▶ What you have to do
Your answer must be a single number: how many lines of the data include "LEGO".

(Caption-style text data)

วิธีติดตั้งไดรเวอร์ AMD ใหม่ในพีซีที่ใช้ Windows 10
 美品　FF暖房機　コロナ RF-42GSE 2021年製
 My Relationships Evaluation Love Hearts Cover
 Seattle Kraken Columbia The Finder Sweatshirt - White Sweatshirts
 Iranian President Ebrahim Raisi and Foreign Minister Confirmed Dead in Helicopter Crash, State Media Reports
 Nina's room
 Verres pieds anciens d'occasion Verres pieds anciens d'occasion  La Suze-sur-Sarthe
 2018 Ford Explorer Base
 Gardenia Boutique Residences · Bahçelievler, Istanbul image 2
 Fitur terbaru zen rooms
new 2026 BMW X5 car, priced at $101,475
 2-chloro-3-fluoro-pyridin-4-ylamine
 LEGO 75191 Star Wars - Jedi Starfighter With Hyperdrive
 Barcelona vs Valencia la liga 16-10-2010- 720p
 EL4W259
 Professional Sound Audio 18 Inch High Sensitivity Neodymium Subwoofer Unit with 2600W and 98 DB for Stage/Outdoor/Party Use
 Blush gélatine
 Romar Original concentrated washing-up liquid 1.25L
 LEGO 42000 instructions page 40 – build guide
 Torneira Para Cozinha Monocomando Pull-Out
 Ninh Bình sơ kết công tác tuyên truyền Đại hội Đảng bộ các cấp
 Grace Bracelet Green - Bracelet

▶ Task result
2